The Verification Gap in Inference Billing

Verification requires evidence the verifier did not produce, cannot modify, and does not need permission to access. That is what the word means. Run the test against any usage-based invoice in your stack. Nothing passes.

A customer at an AI application company opens their monthly invoice. The number is twelve percent higher than what their internal usage tracker recorded. Their engineers pull logs. The provider's dashboard shows a different total. Both numbers came from the same vendor's systems. The customer's tracker was reading API responses. The provider's billing dashboard counts a category of tokens (reasoning tokens, in this case) that the customer's tracker did not know to count.

Nobody is wrong. The customer's tracker did what the documentation said. The provider's billing did what the rate card said. The two systems disagree about what was consumed, and the only way to settle the disagreement is for the customer to ask the provider to check the provider's own work.

This is not a billing bug. It is a property of how every usage-based invoice in the world is currently produced.

The Test

Set everything aside for a moment. Consider what the word “verification” actually requires.

Verification requires evidence the verifier did not produce, cannot modify, and does not need permission to access.

That sentence is analytic. It follows from what verification means. Each of the three failure modes (production, modification, access) makes the evidence inseparable from the party being verified, and inseparability is the negation of what verification is. To deny this, you have to argue that “verification” means something else. At that point you are using a different word for a different concept and the conversation has stopped being about verification.

Three contamination points. Production, modification, access. There is no fourth. There is also no way to remove any of the three without reopening the gap. Try.

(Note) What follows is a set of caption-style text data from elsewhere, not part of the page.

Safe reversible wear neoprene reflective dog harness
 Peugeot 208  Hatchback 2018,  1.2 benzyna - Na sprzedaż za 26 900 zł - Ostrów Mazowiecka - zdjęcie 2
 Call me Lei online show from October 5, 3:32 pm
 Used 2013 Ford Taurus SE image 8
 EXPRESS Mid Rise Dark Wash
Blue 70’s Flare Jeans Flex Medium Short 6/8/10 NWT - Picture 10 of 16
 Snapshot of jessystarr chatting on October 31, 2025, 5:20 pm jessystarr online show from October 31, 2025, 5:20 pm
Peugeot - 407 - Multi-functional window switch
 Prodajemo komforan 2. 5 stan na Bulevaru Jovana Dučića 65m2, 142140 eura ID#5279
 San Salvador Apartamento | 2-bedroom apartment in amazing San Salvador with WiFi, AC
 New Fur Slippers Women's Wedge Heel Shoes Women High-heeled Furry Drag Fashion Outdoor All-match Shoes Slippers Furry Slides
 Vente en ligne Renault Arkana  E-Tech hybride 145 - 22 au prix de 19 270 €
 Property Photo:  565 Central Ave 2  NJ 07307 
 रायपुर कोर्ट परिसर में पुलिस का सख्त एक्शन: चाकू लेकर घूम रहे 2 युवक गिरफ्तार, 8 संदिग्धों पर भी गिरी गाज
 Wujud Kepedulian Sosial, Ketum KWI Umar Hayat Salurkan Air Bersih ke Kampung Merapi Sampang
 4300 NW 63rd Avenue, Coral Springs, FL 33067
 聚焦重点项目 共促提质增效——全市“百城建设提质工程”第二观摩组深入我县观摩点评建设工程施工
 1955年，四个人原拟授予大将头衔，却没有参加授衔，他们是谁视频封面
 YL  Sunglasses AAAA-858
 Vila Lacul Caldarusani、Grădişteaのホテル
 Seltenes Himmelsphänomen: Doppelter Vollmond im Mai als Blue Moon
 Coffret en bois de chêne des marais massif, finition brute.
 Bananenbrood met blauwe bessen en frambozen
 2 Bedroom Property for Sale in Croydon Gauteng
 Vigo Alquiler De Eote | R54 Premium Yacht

Read the test again. Now read it as a question. Where in your stack does anything satisfy this for usage-based invoices?

What Fails the Test

Five things show up in any conversation about this. Each fails at a specific point.

Your billing platform fails Production. Stripe, Metronome, Lago, Orb, your in-house billing service. They are excellent at metering, rating, and producing invoices. They do that work well. But they are the vendor's system. The customer (the verifier) did not produce the record they are being asked to verify. The vendor did. When the customer questions the bill, the system being questioned is the source of the proof. That is not verification. That is asking the witness to serve as the judge.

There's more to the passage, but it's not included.